@pantha704/job-finder
v2.0.0
Published
Fresher-focused remote job aggregator CLI — scrapes 14 job boards for Rust, TypeScript, Solana & Web3 remote roles
Maintainers
Readme
🎯 job-finder — Remote Jobs CLI for Fresher Devs
Automated, ethical job scraper that hits 14 job boards and outputs a curated, de-duplicated markdown checklist ready for your application tracking.
Features: CLI Interface • 16+ Data Sources • Smart Deduplication • AI Match Scoring • Headless Bypasses
- 📦 Install
- ⚡ Quick Start
- 🖥️ CLI Reference
- 📋 Output Format
- 🌐 Sources
- 🏗️ Architecture
- 🦊 Camoufox
- 🔧 Ethics Rules
- ➕ Adding a New Scraper
- 📝 Local Development
📦 Install
# Global install (recommended — gives you the `job-finder` command)
bun add -g @pantha704/job-finder
# Or with npm/npx
npm install -g @pantha704/job-finder
# One-off without installing
bunx @pantha704/job-finder
npx @pantha704/job-finderOne-time setup: Install Playwright Firefox for JS-rendered sites (Wellfound, Himalayas):
bunx playwright install firefox
⚡ Quick Start
# Interactive mode — prompts guide you through options
job-finder
# Fully non-interactive — freshers, remote from India, Rust/TS/Solana
job-finder -e fresher -l remote-india -R web3,backend -H rust,typescript,solana
# Specific sources only
job-finder -s remoteok,solanajobs,cryptocurrencyjobs
# Save output to a custom file
job-finder -o ~/Documents/my_job_list
# Show match scores and verbose logging
job-finder -S -vOutput is saved to the file you specify (default: job_opportunities.md in your current directory). The absolute path is always printed at the end so you know where to find it.
🖥️ CLI Reference
Usage:
job-finder [options]
Core Filters:
-e, --experience <level> internship | fresher | junior | mid | senior | any
-l, --location <scope> remote-india | remote-global | hybrid | onsite | any
-R, --roles <list> Comma-separated: web3,backend,frontend,fullstack,devops,...

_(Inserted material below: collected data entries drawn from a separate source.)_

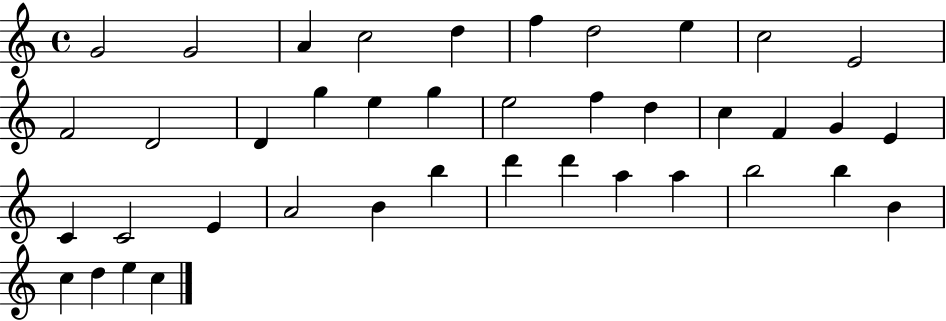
{
  \clef treble
  \time 4/4
  \defaultTimeSignature
  \key c \major
  g'2 g'2 | a'4 c''2 d''4 | f''4 d''2 e''4 | c''2 e'2 | \break f'2 d'2 | d'4 g''4 e''4 g''4 | e''2 f''4 d''4 | c''4 f'4 g'4 e'4 | \break c'4 c'2 e'4 | a'2 b'4 b''4 | d'''4 d'''4 a''4 a''4 | b''2 b''4 b'4 | \break c''4 d''4 e''4 c''4 | \bar "|."
}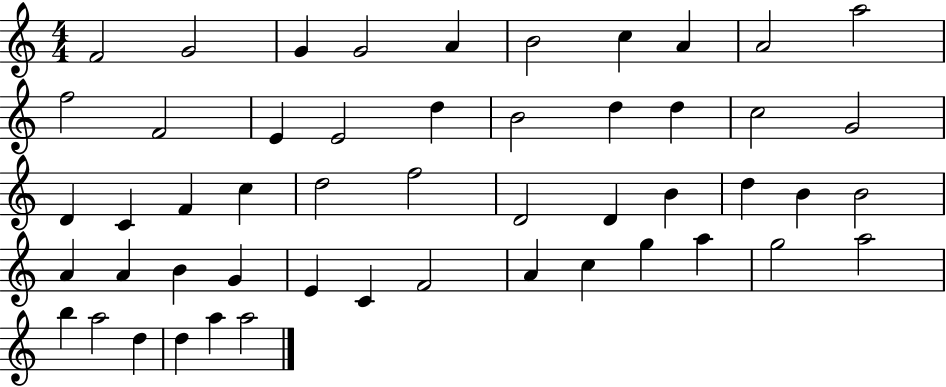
F4/h G4/h G4/q G4/h A4/q B4/h C5/q A4/q A4/h A5/h F5/h F4/h E4/q E4/h D5/q B4/h D5/q D5/q C5/h G4/h D4/q C4/q F4/q C5/q D5/h F5/h D4/h D4/q B4/q D5/q B4/q B4/h A4/q A4/q B4/q G4/q E4/q C4/q F4/h A4/q C5/q G5/q A5/q G5/h A5/h B5/q A5/h D5/q D5/q A5/q A5/h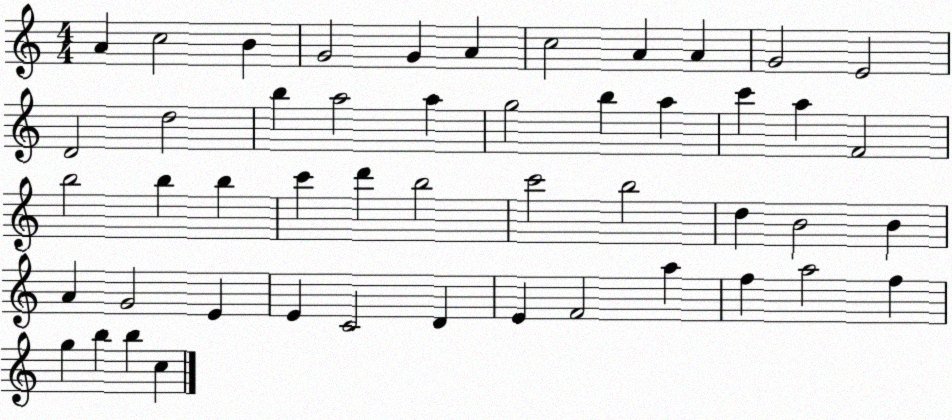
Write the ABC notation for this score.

X:1
T:Untitled
M:4/4
L:1/4
K:C
A c2 B G2 G A c2 A A G2 E2 D2 d2 b a2 a g2 b a c' a F2 b2 b b c' d' b2 c'2 b2 d B2 B A G2 E E C2 D E F2 a f a2 f g b b c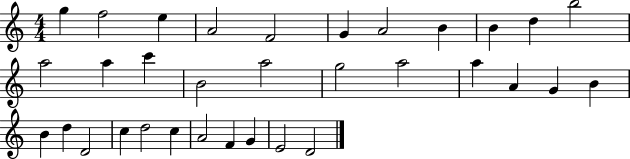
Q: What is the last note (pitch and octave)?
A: D4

-k, --keywords <text> Free-text keyword filter across title + description
-H, --highlight <list> Tech stack to flag as 🔥 HIGH MATCH (e.g. rust,solana,typescript)
-w, --worktype <type> full-time | part-time | contract | internship | any
Advanced Filters:
--stage <stage> startup stage: pre-seed | seed | series-a | ...
--size <size> company size: 1-10 | 11-50 | 51-200 | 201-500 | 500+
--industry <list> fintech,web3,ai,saas,...
--min-stipend <num> Minimum monthly stipend (INR)
--min-salary <num> Minimum annual salary (INR)
--equity Only show jobs with equity
--posted <days> Only jobs posted within N days (default: 14)
Personalization:
-g, --github <username> Extract skills from your GitHub profile to boost matching
-r, --resume <path> Path to resume text file for keyword boosting
--applied <path> Path to applied-log file to skip already-applied jobs
Output:
-f, --format <fmt> md | json | csv | all (default: md)
-o, --output <path> Output file path (default: job_opportunities.md)
-S, --score Show priority match score [0–100] on each job
Sources:
-s, --sources <list> Comma-separated list of sources to run (default: all)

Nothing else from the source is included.